De gevangenis was in stilte gehuld. Het was twee uur geleden dat de gevangenen in hun cellen waren opgesloten. De gangen waren nauwelijks verlicht en de dienstdoende bewakers sliepen.
De gebroeders Bajerai duwden tegen hun deur om te kijken of die echt open was. De man had woord gehouden. Ze liepen gebukt en zo dicht mogelijk bij de muur naar het andere einde van de gang waar de cel van de stomme zich bevond. Als alles goed zou gaan, zouden ze met minder dan tien minuten terug kunnen zijn en zou niemand er iets van merken.
Ze waren halverwege toen de jongste, die achteraan liep, opeens een hand om zijn keel voelde. Hij kon niet meer schreeuwen en voelde alleen een zware klap op zijn hoofd, voordat hij het bewustzijn verloor. De oudste keerde zich te laat om en hij kreeg zo’n dreun tegen zijn neus dat het bloed eruit spoot. Ook hij kon niets uitbrengen, omdat een ijzeren hand hem bij de keel greep.
Hij kreeg geen lucht meer en dacht dat zijn laatste uur was geslagen.
Toen de broers weer bijkwamen lagen ze op de grond van hun cel, terwijl een verbaasde bewaker alarm riep. Ze waren blij dat ze nog leefden, maar iemand had hen verrad en.
De dokter wilde ze ter observatie op de ziekenzaal houden. Ze hadden een paar flinke klappen op hun hoofd gehad en hun gezichten zaten onder het bloed. Door de zwellingen konden ze hun ogen niet meer openen. Ze klaagden over pijn en een zuster gaf ze een injectie met een kalmeringsmiddel waar ze opnieuw van in slaap vielen.
Toen Marco bij de directeur arriveerde, vertelde deze hem ongerust wat er die nacht was voorgevallen. Hij moest justitie en de carabinieri verslag doen.
Marco stelde hem gerust en vroeg of hij Frasquello kon spreken.

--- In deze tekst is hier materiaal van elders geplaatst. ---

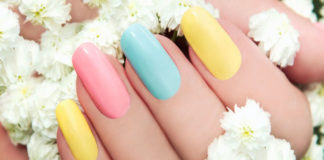 Come fare le unghie di Pasqua con i colori pastello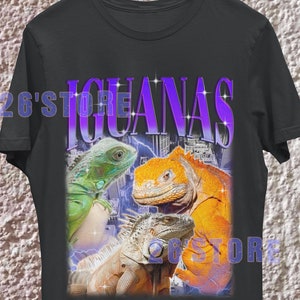IGUANAS Shirt, Iguana Shirt, Iguanas Tshirt, Iguanas Sweateshirt, Iguanas Merch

‘Ik ben mijn deel van de afspraak nagekomen,’ gooide deze hem voor de voeten zodra hij het kantoor van de gevangenisdirecteur binnenkwam.

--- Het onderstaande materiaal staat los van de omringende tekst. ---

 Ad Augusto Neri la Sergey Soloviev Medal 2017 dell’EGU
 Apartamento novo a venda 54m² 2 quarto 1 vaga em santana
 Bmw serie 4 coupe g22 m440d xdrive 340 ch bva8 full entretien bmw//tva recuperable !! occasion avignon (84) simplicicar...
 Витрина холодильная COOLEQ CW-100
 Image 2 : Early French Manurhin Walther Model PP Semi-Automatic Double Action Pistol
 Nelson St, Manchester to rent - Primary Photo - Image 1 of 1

‘Ja, en ik zal ook doen wat ik heb beloofd. Wat is er gebeurd?’
‘Geen vragen stellen. De dingen zijn gelopen zoals u wilde. De stomme leeft nog en de gebroeders Bajerai ook. Wat wilt u nog meer? Niemand heeft eronder geleden. Goed, ik moest die twee mannen wel uitschakelen, maar er is hen niets ernstigs overkomen.’
‘Ik wil dat je ze in de gaten blijft houden. Misschien proberen ze het opnieuw.’
‘Wie? Die twee? Dat denk ik niet.’
‘Zij of anderen. Ik weet het niet. Wees alert.’
‘Wanneer ga je met het om praten?’
‘Zodra dit achter de rug is.’
‘En wanneer zal dat zijn?’
‘Ik hoop binnen drie of vier dagen. Maximaal.’
‘Goed. Ik hou je aan je woord, smeris, anders zul je ervoor boeten.’
‘Doe niet zo stom, dreigen zal je geen goed doen.’
‘Vergeet onze afspraak niet.’
Frasquello liep het kantoor uit en sloeg tot grote verbazing van de directeur de deur met een klap dicht.
‘Maar Marco, denk je nou echt dat het om jouw aanbeveling in overweging neemt?’
‘Hij heeft meegewerkt; daar moeten ze rekening mee houden. Dat is alles wat ik van ze vraag. Zeg, wanneer krijgen we die gymschoenen? De man die het microfoontje erin zal plaatsen, kan niet eeuwig in Turijn blijven.’
‘Ik heb nog geen smoes kunnen bedenken...’
‘Zeg dat ze gewassen moeten worden, dat het hier gebruikelijk is dat gevangenen zo schoon mogelijk worden vrijgelaten. Het maakt niet uit of hij het begrijpt of niet. Dat is de meest plausibele verklaring die ik kan bedenken. Dus vanavond als hij wordt opgesloten in zijn cel, geef je me die schoenen. Wij wassen ze, omdat hij ze schoon moet terugkrijgen, en daarna gaan we ermee aan de slag.’